=== Begin Enclosure ===

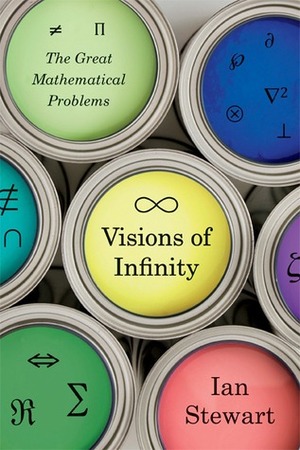 Visions of Infinity: The Great Mathematical Problems by Ian Stewart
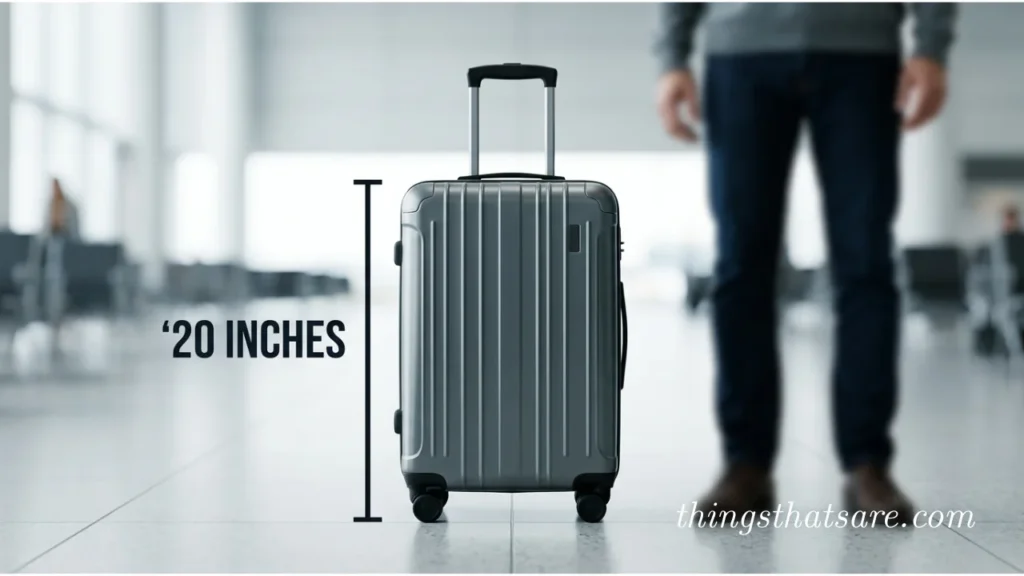 Common Things That Are 20 Inches Long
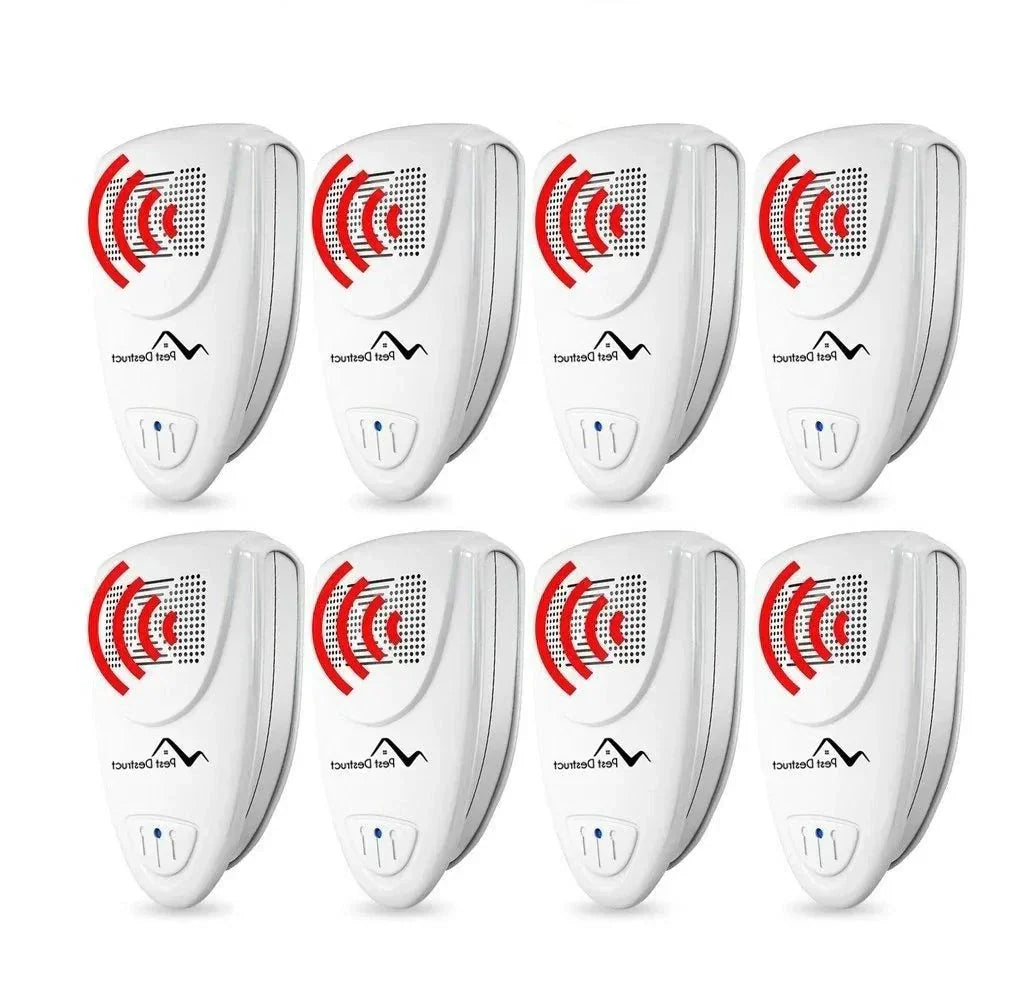 AstraGuard Ultrasonic Bed Bug Repeller Ultimate Relief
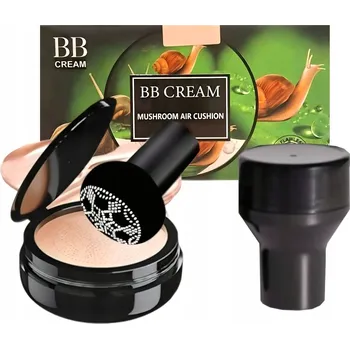 Make-up BB KRÉM HLEMÝŽĎ PODKLADOVÁ BÁZE POD MAKE-UP + HOUBIČKA 120 VANILLA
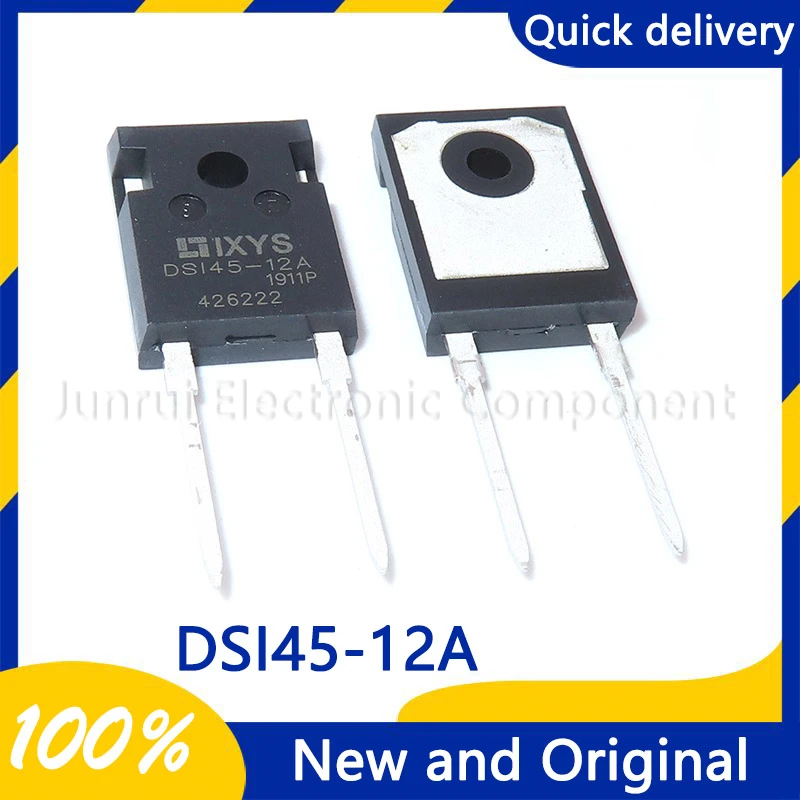 DSI45-12A 1200V 45A 247-TO Quick Recovery Rectifier Tube Electronic Component  Integrated Chip Ic  New And Original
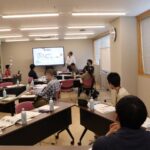 「未来のあきしまを描く」まちづくりワークショップ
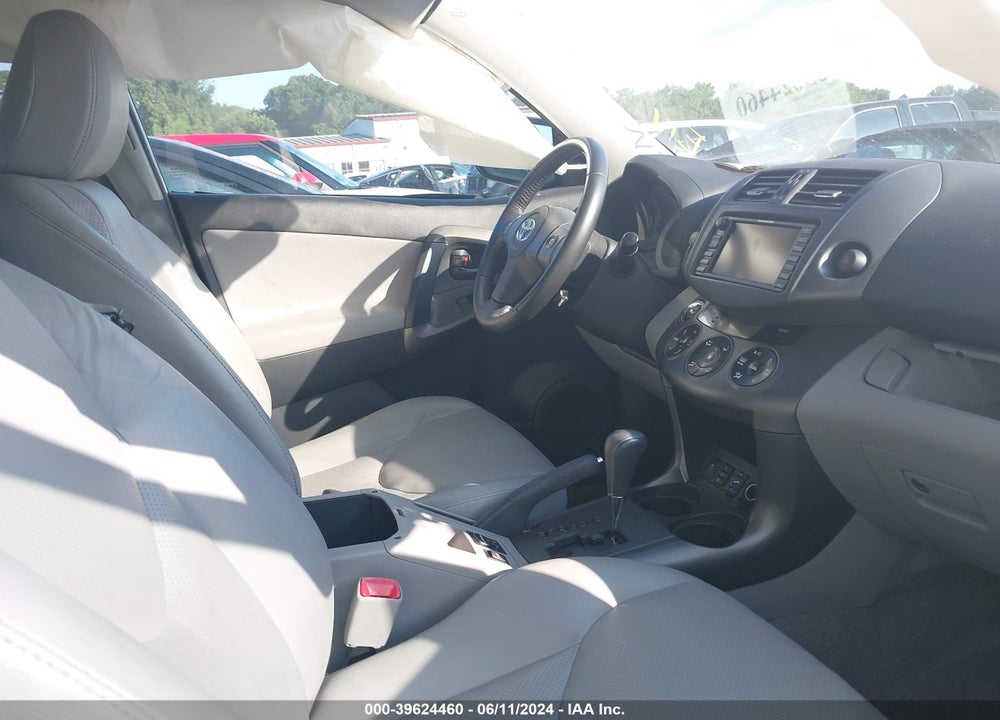 2011 TOYOTA RAV4 LIMITED V6 VIN: 2T3DK4DV7BW040227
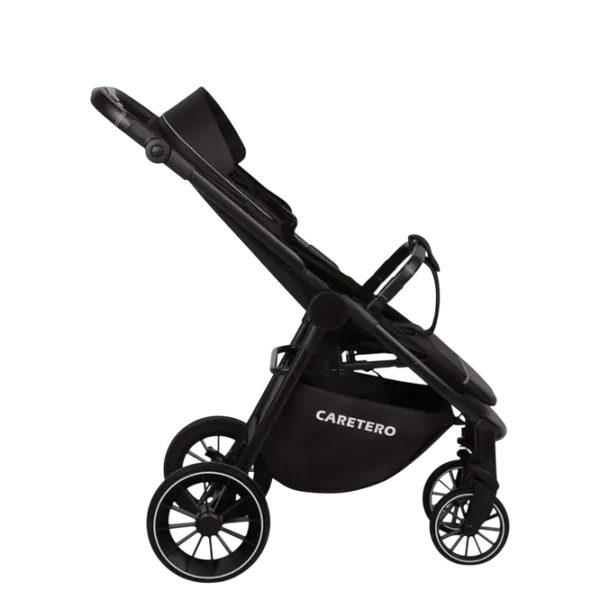 Cărucior pentru copil Caretero Agil TERO-5950/ Black photo 4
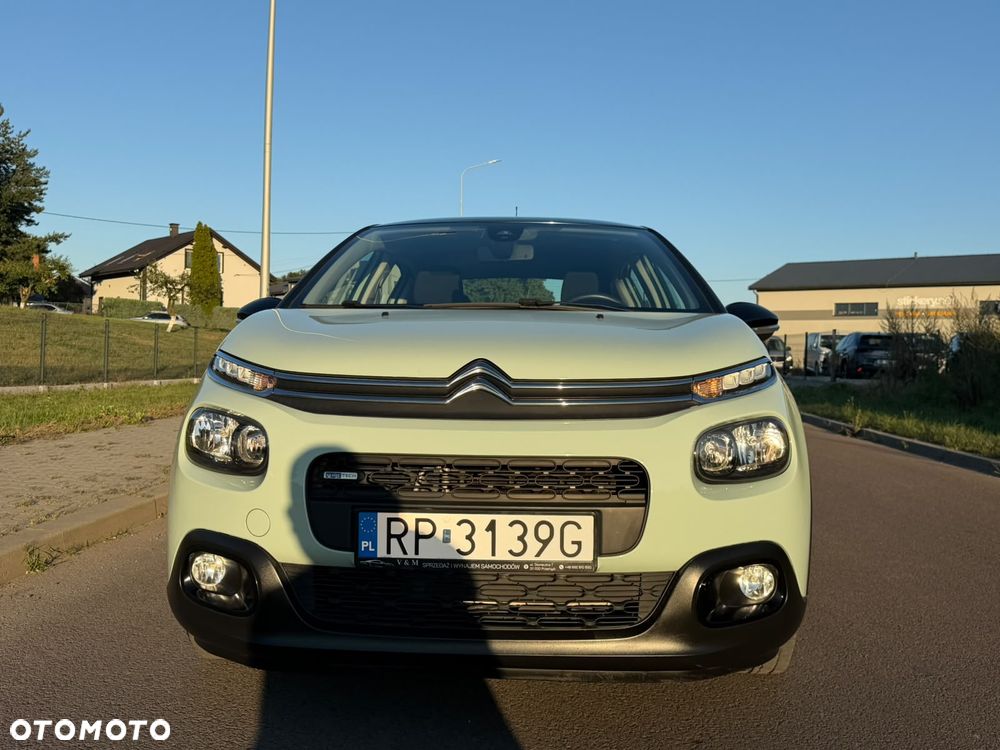 Citroën C3 1.2 PureTech Exclusive - 18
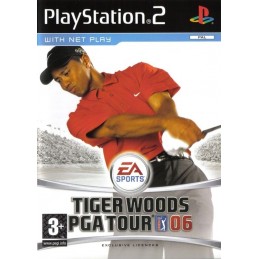 Tiger Woods PGA Tour 06 -...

=== End Enclosure ===

▶ _How to complete this task_
Find the line that contains "Citroën C3 1.2 PureTech Exclusive - 18", then write out that line and every line after it through the end of the records, exactly. Leave the pictures out.

▶ _Written reply_
 Citroën C3 1.2 PureTech Exclusive - 18
 Tiger Woods PGA Tour 06 -...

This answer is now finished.